Als die Entscheidung für den Neubau 1998 fiel, waren die Berliner Gefängnisse noch überbelegt. Aktuell sind sie es nur noch zu 90 Prozent. Von den 4 722 Haftplätzen sind 4 165 besetzt. Damit liegt Berlin ganz im deutschlandweiten Trend. Dennoch hält Berlins Justizsenatsverwaltung unter Senator Thomas Heilmann (CDU) den Neubau weiterhin für notwendig. Denn man will vorbereitet sein, falls doch einmal mehr Haftplätze gebraucht werden. Und damit kann auch das Haus III in der Justizvollzugsanstalt Tegel geschlossen werden. Bereits Ende 2009 hatte Berlins Verfassungsgerichtshof dort die Unterbringung von Gefangenen als menschenunwürdig gerügt, ein Großteil der Zellen ist gerade einmal sechs Quadratmeter groß. Dem Land Berlin drohen deshalb Tausende Entschädigungsklagen, in Einzelfällen belaufen sich die Forderungen auf mehrere Zehntausend Euro. Noch aber ist über keine der Klagen entschieden, sagte die Justizsprecherin.

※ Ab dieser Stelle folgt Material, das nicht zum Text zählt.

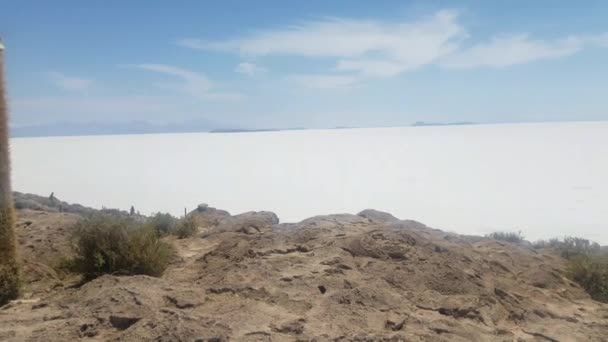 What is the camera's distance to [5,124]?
585 cm

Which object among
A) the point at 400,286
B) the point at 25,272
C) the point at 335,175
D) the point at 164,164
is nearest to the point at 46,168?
the point at 164,164

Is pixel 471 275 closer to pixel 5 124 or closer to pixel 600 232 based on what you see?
pixel 5 124

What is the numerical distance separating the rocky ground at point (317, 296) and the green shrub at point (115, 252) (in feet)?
0.82

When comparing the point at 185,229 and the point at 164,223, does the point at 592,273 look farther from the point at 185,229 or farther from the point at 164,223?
the point at 164,223

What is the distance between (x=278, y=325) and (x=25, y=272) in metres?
3.96

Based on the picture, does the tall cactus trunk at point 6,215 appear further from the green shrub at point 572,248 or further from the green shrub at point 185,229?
the green shrub at point 572,248

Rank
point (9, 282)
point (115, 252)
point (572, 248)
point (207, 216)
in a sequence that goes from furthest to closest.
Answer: point (207, 216), point (572, 248), point (115, 252), point (9, 282)

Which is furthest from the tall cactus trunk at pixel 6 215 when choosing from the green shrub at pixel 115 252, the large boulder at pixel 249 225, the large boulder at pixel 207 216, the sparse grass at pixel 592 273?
the sparse grass at pixel 592 273

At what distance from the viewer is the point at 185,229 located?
31.2ft

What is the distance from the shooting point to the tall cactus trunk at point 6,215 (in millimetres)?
5680

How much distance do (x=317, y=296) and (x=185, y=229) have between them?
4.83 m

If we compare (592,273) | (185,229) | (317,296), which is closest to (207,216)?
(185,229)

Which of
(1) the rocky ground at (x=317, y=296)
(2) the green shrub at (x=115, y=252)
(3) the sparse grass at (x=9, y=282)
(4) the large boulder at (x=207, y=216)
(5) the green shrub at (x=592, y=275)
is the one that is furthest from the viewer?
(4) the large boulder at (x=207, y=216)

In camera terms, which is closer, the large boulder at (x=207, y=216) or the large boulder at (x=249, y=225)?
the large boulder at (x=249, y=225)
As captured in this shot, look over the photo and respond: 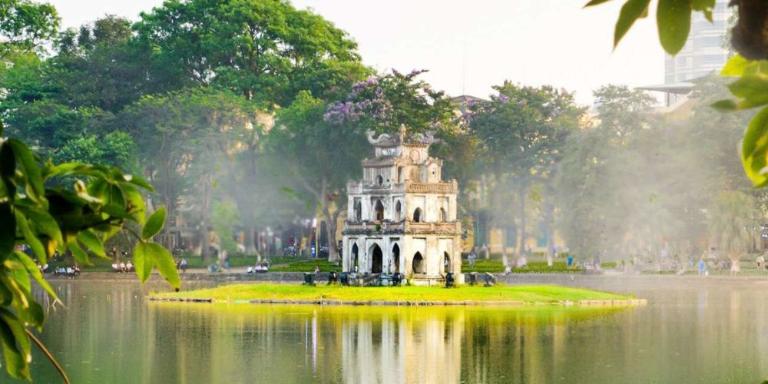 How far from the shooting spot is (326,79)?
11325 cm

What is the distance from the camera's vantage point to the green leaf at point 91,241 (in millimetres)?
4156

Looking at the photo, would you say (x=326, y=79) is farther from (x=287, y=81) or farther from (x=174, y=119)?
(x=174, y=119)

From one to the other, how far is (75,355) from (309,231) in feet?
274

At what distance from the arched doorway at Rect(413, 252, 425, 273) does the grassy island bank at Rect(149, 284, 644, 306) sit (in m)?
3.19

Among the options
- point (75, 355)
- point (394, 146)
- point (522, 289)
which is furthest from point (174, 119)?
point (75, 355)

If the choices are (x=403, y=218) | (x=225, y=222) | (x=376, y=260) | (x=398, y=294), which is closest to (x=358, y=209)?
(x=376, y=260)

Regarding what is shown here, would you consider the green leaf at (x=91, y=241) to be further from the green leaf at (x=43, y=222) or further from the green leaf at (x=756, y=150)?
the green leaf at (x=756, y=150)

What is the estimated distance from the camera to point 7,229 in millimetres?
3643

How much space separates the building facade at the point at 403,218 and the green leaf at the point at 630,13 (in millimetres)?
70896

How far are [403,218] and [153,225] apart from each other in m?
71.1

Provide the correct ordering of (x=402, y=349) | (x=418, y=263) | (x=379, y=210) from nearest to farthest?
(x=402, y=349) → (x=418, y=263) → (x=379, y=210)

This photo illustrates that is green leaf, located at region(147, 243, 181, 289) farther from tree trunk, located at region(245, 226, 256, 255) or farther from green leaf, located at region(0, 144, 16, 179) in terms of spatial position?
tree trunk, located at region(245, 226, 256, 255)

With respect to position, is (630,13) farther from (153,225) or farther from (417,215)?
(417,215)

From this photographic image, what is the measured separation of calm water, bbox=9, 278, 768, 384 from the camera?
39.5m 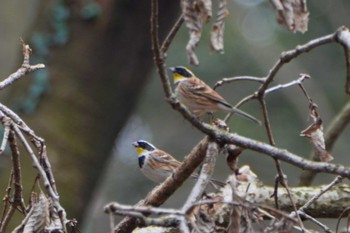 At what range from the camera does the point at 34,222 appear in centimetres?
225

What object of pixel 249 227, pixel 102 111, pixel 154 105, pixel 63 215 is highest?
pixel 154 105

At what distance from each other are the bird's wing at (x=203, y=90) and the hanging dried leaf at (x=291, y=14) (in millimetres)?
1691

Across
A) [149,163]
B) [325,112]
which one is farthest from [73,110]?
[325,112]

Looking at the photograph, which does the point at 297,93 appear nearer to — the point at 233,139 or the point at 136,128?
the point at 136,128

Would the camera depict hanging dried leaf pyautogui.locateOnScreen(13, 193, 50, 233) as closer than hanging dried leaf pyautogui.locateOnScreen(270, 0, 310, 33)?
No

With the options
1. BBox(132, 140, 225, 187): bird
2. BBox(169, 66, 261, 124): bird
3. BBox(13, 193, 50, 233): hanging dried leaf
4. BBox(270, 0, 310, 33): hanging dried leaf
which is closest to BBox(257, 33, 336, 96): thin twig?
BBox(270, 0, 310, 33): hanging dried leaf

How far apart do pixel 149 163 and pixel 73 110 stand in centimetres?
75

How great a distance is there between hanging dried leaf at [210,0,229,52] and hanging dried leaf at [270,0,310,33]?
4.1 inches

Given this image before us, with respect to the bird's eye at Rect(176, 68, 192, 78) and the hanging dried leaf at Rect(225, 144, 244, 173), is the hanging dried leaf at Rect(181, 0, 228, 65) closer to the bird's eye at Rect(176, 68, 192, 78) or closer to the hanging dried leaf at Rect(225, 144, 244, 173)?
the hanging dried leaf at Rect(225, 144, 244, 173)

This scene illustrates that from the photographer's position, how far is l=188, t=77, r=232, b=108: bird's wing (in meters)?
3.85

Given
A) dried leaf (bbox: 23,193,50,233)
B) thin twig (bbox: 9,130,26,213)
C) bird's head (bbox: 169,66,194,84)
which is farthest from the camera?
bird's head (bbox: 169,66,194,84)

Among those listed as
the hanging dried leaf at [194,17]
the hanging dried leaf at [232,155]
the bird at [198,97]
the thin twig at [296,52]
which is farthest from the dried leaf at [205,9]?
the bird at [198,97]

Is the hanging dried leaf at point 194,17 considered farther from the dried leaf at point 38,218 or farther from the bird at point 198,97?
the bird at point 198,97

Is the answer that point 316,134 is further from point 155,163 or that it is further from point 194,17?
point 155,163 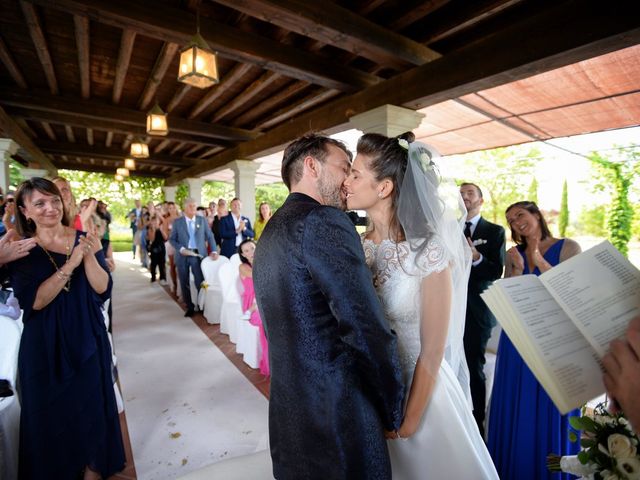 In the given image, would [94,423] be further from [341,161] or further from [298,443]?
[341,161]

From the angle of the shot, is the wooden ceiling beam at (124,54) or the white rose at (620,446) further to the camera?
the wooden ceiling beam at (124,54)

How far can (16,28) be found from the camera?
378 cm

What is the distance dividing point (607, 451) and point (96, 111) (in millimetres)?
7462

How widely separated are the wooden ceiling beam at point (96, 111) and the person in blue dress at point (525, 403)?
6.44m

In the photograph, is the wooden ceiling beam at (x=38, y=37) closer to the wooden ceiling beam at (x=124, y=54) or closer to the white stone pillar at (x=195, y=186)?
the wooden ceiling beam at (x=124, y=54)

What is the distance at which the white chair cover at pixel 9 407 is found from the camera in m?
1.75

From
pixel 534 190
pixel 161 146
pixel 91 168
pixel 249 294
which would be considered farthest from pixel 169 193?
pixel 534 190

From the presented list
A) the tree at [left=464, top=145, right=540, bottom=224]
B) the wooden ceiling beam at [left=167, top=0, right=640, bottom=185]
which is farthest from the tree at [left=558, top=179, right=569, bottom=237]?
the wooden ceiling beam at [left=167, top=0, right=640, bottom=185]

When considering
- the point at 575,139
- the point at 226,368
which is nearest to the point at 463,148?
the point at 575,139

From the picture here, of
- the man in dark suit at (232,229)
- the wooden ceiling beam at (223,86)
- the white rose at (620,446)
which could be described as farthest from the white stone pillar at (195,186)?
the white rose at (620,446)

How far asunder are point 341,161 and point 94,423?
2030 millimetres

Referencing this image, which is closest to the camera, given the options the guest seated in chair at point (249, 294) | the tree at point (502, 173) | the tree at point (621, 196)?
the guest seated in chair at point (249, 294)

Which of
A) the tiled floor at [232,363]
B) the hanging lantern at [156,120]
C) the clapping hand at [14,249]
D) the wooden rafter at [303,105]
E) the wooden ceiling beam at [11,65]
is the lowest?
the tiled floor at [232,363]

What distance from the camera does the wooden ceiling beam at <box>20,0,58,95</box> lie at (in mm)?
3103
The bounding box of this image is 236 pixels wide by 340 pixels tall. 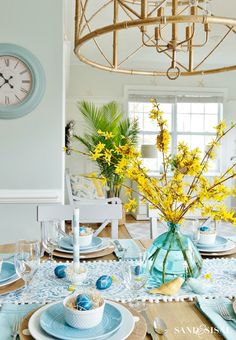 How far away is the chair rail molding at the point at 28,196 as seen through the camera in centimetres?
284

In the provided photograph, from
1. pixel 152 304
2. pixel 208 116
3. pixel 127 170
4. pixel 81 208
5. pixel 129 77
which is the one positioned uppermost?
pixel 129 77

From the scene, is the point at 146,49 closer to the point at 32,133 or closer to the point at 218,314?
the point at 32,133

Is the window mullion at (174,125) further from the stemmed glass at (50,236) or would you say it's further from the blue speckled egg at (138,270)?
the blue speckled egg at (138,270)

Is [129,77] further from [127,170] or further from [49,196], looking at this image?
[127,170]

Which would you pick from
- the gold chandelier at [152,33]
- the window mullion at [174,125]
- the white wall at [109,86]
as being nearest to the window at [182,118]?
the window mullion at [174,125]

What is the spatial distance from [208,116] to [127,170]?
250 inches

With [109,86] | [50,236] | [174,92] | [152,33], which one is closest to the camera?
[50,236]

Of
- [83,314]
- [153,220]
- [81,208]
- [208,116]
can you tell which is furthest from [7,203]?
[208,116]

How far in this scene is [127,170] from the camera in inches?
49.1

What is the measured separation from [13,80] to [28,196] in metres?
0.87

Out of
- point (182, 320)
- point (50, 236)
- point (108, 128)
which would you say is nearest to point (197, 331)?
point (182, 320)

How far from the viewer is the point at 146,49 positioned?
20.0ft

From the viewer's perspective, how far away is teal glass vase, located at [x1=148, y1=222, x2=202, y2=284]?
51.2 inches

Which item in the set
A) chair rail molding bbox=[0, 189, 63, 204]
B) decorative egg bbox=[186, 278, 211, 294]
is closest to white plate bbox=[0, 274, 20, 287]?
decorative egg bbox=[186, 278, 211, 294] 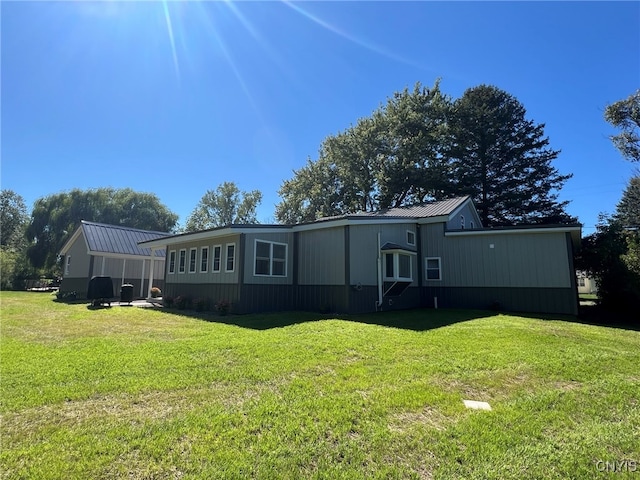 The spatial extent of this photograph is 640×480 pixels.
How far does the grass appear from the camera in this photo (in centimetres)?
270

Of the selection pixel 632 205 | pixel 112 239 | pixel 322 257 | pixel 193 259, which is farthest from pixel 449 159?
pixel 112 239

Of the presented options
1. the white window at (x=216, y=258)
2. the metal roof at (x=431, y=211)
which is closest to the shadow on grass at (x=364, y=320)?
the white window at (x=216, y=258)

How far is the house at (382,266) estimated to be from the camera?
40.8 ft

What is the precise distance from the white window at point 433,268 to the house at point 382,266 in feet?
0.14

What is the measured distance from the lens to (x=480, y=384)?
4.59m

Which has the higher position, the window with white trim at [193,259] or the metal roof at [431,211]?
the metal roof at [431,211]

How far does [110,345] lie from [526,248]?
14131 millimetres

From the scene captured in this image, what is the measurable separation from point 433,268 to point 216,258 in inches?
375

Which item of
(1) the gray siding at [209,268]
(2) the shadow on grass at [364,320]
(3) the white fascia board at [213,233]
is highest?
(3) the white fascia board at [213,233]

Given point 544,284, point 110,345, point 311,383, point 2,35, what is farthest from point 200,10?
point 544,284

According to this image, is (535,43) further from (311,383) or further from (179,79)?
(311,383)

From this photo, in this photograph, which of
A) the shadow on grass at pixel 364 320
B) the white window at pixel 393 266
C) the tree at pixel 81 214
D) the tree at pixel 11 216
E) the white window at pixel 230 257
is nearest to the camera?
the shadow on grass at pixel 364 320

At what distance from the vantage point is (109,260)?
21.0 meters

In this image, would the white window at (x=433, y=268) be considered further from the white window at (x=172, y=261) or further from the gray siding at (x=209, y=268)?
the white window at (x=172, y=261) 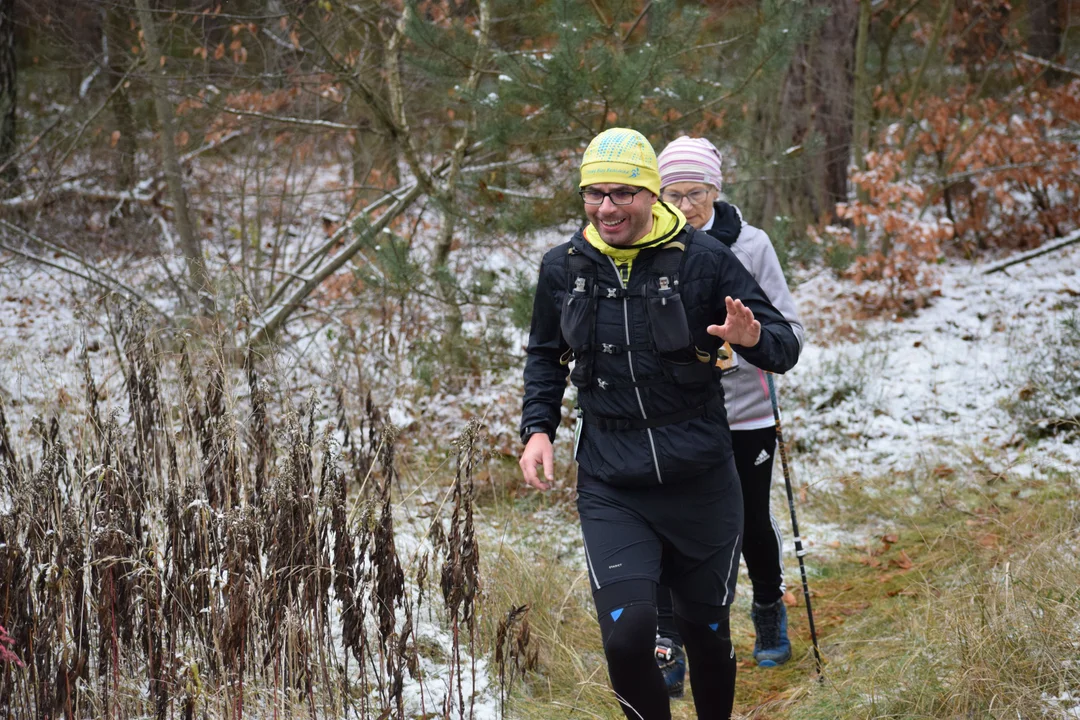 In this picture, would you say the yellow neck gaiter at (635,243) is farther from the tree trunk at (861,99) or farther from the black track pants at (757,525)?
the tree trunk at (861,99)

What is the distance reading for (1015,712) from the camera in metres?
2.64

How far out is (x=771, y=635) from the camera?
3.85 m

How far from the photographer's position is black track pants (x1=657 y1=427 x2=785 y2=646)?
3549 mm

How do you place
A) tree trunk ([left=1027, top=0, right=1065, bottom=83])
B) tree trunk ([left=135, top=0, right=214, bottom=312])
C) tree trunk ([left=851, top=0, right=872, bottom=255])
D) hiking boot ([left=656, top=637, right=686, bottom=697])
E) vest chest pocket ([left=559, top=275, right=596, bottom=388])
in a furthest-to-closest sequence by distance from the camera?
tree trunk ([left=1027, top=0, right=1065, bottom=83]), tree trunk ([left=851, top=0, right=872, bottom=255]), tree trunk ([left=135, top=0, right=214, bottom=312]), hiking boot ([left=656, top=637, right=686, bottom=697]), vest chest pocket ([left=559, top=275, right=596, bottom=388])

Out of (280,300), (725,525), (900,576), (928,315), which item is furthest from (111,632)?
(928,315)

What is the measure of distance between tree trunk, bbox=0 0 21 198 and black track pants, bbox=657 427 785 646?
8.20 metres

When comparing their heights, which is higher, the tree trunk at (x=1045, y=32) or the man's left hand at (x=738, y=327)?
the tree trunk at (x=1045, y=32)

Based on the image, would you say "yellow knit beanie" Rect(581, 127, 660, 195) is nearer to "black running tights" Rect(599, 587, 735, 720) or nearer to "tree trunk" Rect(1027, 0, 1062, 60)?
"black running tights" Rect(599, 587, 735, 720)

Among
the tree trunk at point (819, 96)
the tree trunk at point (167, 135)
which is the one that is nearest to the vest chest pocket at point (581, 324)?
the tree trunk at point (167, 135)

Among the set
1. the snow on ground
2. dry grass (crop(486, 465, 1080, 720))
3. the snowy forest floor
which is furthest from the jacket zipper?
the snow on ground

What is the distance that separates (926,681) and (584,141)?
147 inches

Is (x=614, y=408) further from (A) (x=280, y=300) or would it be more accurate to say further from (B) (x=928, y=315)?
(B) (x=928, y=315)

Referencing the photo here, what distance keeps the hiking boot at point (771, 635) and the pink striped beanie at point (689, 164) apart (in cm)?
176

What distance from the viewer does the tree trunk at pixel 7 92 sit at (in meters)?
9.35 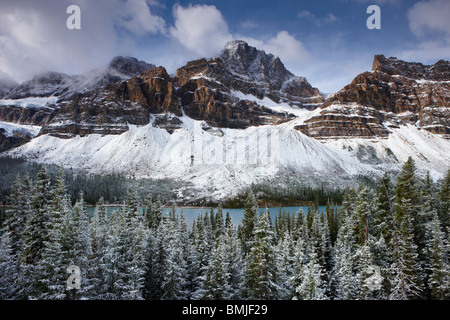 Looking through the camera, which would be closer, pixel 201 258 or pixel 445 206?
pixel 445 206

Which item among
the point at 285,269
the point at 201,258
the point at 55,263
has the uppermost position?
the point at 55,263

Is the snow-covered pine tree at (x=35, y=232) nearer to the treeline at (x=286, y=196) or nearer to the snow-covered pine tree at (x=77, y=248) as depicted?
Result: the snow-covered pine tree at (x=77, y=248)

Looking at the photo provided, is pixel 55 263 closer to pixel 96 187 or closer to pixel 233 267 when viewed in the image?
pixel 233 267

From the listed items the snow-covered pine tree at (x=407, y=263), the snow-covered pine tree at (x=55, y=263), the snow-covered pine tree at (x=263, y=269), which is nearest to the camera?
the snow-covered pine tree at (x=55, y=263)

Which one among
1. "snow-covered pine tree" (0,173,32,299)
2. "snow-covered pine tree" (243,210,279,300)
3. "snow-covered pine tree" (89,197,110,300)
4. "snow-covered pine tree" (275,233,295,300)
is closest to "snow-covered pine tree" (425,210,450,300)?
"snow-covered pine tree" (275,233,295,300)

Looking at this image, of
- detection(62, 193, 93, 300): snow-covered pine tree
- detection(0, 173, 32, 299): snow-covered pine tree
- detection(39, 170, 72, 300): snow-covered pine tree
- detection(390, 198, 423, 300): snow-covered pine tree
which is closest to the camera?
detection(39, 170, 72, 300): snow-covered pine tree

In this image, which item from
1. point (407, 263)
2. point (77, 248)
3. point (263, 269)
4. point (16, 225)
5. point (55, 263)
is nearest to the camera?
point (55, 263)

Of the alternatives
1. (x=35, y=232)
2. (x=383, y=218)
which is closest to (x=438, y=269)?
(x=383, y=218)

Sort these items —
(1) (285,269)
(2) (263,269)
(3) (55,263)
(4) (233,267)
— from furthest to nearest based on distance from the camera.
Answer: (1) (285,269), (4) (233,267), (2) (263,269), (3) (55,263)

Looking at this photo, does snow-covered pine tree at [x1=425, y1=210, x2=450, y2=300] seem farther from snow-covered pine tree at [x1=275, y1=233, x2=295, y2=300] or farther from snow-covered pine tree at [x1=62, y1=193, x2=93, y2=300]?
snow-covered pine tree at [x1=62, y1=193, x2=93, y2=300]

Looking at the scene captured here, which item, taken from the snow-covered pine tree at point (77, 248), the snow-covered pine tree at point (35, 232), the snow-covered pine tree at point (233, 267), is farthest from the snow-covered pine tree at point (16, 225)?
the snow-covered pine tree at point (233, 267)

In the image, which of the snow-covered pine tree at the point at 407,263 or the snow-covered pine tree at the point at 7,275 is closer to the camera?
the snow-covered pine tree at the point at 7,275

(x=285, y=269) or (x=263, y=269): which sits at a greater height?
(x=263, y=269) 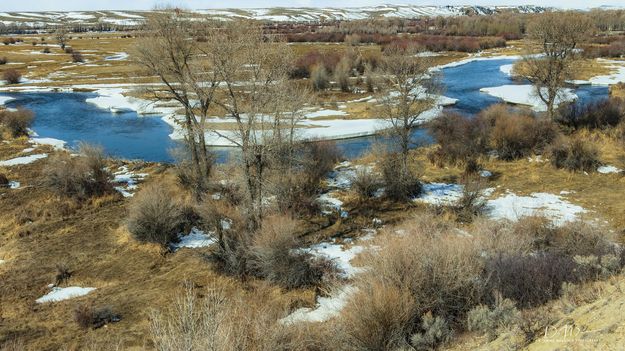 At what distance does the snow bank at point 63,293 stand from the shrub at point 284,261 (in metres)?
4.79

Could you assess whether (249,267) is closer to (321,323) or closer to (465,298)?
(321,323)

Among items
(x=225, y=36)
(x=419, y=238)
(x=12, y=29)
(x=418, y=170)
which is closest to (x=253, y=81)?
(x=225, y=36)

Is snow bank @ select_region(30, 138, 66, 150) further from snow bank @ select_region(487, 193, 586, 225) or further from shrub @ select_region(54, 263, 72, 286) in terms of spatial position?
snow bank @ select_region(487, 193, 586, 225)

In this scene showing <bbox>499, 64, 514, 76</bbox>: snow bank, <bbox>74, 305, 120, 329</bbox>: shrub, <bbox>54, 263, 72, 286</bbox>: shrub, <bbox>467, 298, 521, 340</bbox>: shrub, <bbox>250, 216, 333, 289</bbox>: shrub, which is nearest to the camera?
<bbox>467, 298, 521, 340</bbox>: shrub

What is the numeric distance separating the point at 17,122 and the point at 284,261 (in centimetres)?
2856

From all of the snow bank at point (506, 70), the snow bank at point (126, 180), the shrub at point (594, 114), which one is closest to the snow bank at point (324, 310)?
the snow bank at point (126, 180)

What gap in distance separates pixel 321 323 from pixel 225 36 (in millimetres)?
9336

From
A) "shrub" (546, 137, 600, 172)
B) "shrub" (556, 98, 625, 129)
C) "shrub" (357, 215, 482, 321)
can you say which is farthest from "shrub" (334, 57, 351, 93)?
"shrub" (357, 215, 482, 321)

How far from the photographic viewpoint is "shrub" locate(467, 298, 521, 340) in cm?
635

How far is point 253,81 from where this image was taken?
45.2ft

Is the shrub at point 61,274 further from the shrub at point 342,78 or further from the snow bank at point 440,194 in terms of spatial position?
the shrub at point 342,78

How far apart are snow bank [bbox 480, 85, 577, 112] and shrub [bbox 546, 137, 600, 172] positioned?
11.5 metres

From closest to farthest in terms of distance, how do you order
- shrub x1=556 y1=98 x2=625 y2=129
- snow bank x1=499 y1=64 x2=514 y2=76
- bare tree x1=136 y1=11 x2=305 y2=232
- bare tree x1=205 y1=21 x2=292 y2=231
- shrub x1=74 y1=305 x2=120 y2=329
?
shrub x1=74 y1=305 x2=120 y2=329
bare tree x1=205 y1=21 x2=292 y2=231
bare tree x1=136 y1=11 x2=305 y2=232
shrub x1=556 y1=98 x2=625 y2=129
snow bank x1=499 y1=64 x2=514 y2=76

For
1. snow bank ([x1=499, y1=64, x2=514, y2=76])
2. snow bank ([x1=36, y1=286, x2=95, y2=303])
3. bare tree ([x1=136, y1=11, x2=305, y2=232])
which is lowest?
snow bank ([x1=36, y1=286, x2=95, y2=303]) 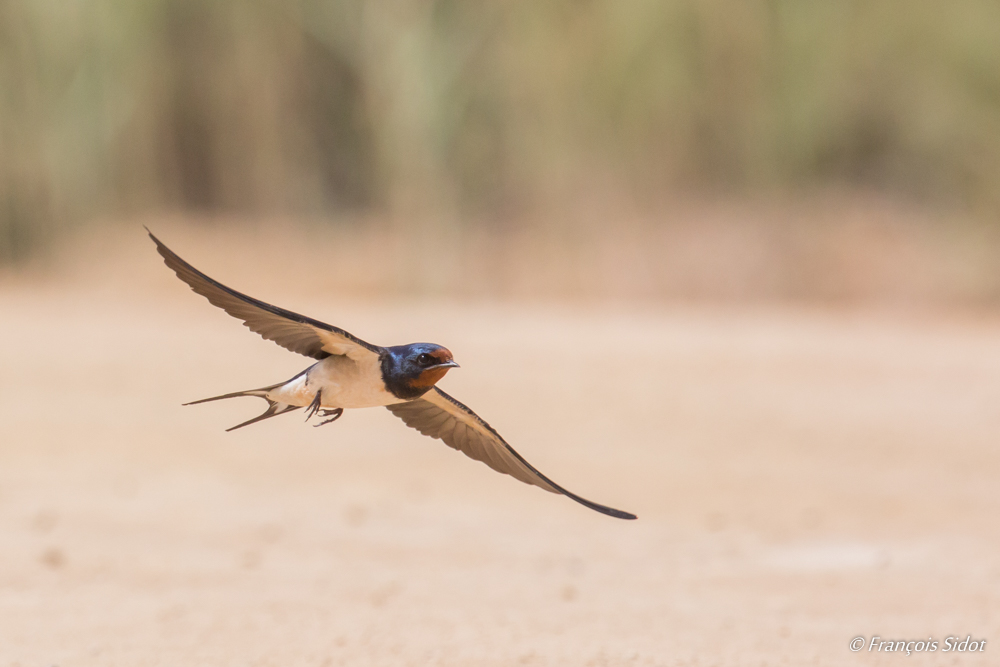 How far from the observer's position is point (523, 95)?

In Großbeeren, wo Berlin das Grundstück 1881 als Stadtgut erwarb, wo einst Schafe weideten und Rieselfelder waren, wird nun alles anders. Es wird Berlins modernste Haftanstalt. „Wir haben so gebaut, dass wir die Anforderungen, die in zehn Jahren gelten, erfüllen“, sagt Projektleiterin Stein. Ihr Prinzip heißt: Volle Transparenz. Tatsächlich gibt es nur an der Zufahrt ein kleines Stück Mauer. Der Rest des 15 Hektar großen Geländes ist mit einem 1,7 Kilometer langen und sechs Meter hohen Doppelzaun umgeben. Ganz bewusst soll der Blick auf die grüne Umgebung frei sein – um die Hospitalisierung der Gefangenen zu verhindern. „Und wir wollen eine transparente Anstalt, wir haben nichts zu verbergen, das ist Teil der Gesellschaft.“ Und der Zaun ist sicher: Bei Tests haben sich selbst Spezialisten der SEK daran versucht. Sogar mit dem besten Werkzeug brauchten sie mindestens vier Minuten, um den Zaun zu knacken. Zeit genug, um den Ausbruch zu verhindern.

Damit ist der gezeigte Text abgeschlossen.